Wouldn't it be nice if you could message any rider that tipped you in app with a personal thank you. I personally would love to message them back saying I appreciate the tip and if I remembered anything about them I could also put that in as well. For instance "Hope you had a nice flight to Cleveland". I also think this would encourage them to continue to tip future drivers. Thoughts?


----------



## kdyrpr (Apr 23, 2016)

Agree.


----------



## upyouruber (Jul 24, 2017)

Snooperjuke said:


> Wouldn't it be nice if you could message any rider that tipped you in app with a personal thank you. I personally would love to message them back saying I appreciate the tip and if I remembered anything about them I could also put that in as well. For instance "Hope you had a nice flight to Cleveland". I also think this would encourage them to continue to tip future drivers. Thoughts?

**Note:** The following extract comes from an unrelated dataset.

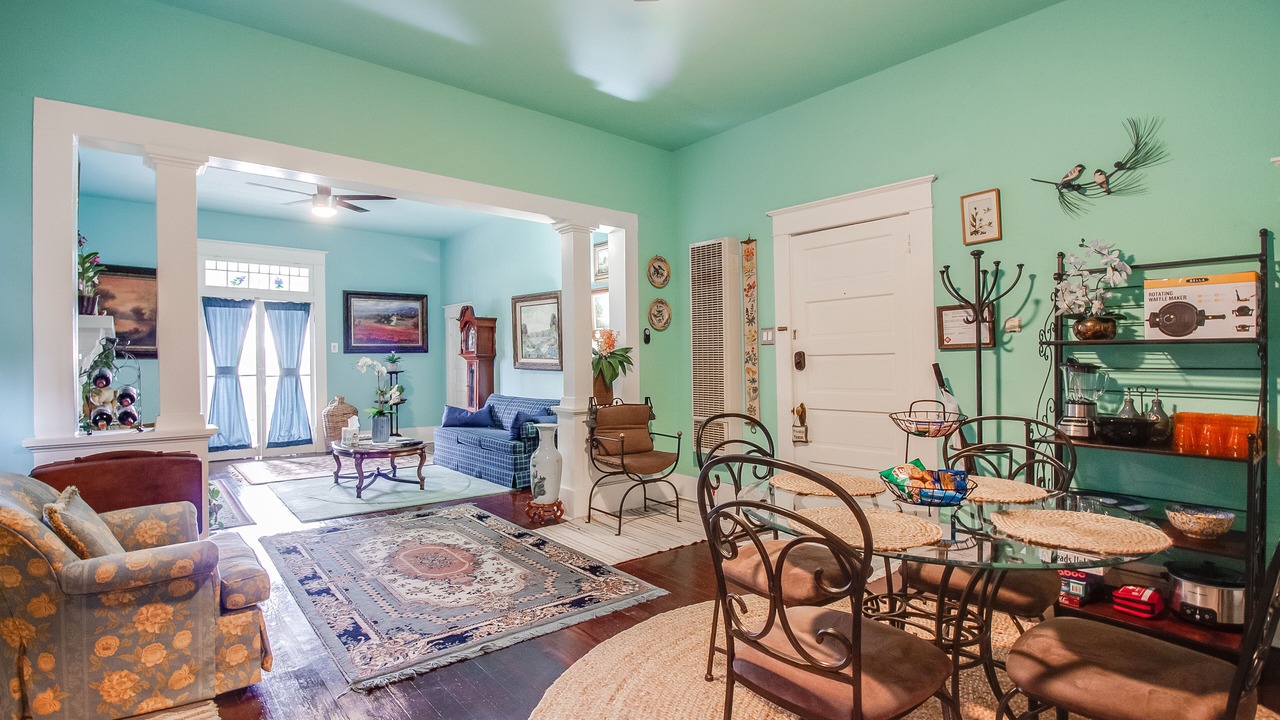 Photo of Others in Tobin Hill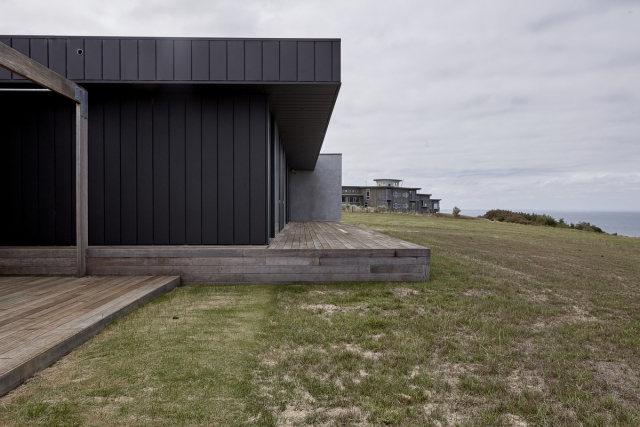 Shoreham House | Design: Borland Architecture | Image: Fraser Marsden Shoreham House | Design: Borland Architecture | Image: Fraser Marsden | Builtworks.com.au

I agree as I created a thread with idea before. Uber is so up their own ass!


----------



## Uberfunitis (Oct 21, 2016)

Drivers would use that feature to antagonize passengers. Instead of using it to thank tippers you would have drivers using it to harass non tippers or drunks or women they find attractive etc. Once the ride is over the ride is over no need for back and forth after unless somebody forgot something and those messages should be sent to Uber.


----------



## Snooperjuke (Mar 7, 2018)

Uberfunitis said:


> Drivers would use that feature to antagonize passengers. Instead of using it to thank tippers you would have drivers using it to harass non tippers or drunks or women they find attractive etc. Once the ride is over the ride is over no need for back and forth after unless somebody forgot something and those messages should be sent to Uber.


They could make the feature only available to respond to passengers that tipped to avoid the chance of harassing non tippers.


----------



## Uberfunitis (Oct 21, 2016)

Snooperjuke said:


> They could make the feature only available to respond to passengers that tipped to avoid the chance of harassing non tippers.


I would not really have a problem with that provided they have a function that allowed the passenger to report harassment and the ride share company used a no tolerance policy for harassment in any way.


----------



## upyouruber (Jul 24, 2017)

Uberfunitis said:


> I would not really have a problem with that provided they have a function that allowed the passenger to report harassment and the ride share company used a no tolerance policy for harassment in any way.


Just like your harrassment towards others here, right?


----------



## henrygates (Mar 29, 2018)

They could have a generic "thanks!" button.

Passengers could collect them like badges and show them off to their friends.


----------



## IERide (Jul 1, 2016)

They could give riders “badges” like we get.. “Great tipper” could be one..


----------



## Abraxas79 (Feb 7, 2016)

upyouruber said:


> I agree as I created a thread with idea before. Uber is so up their own ass!


Dara's super duper new app doesn't give you this option?


----------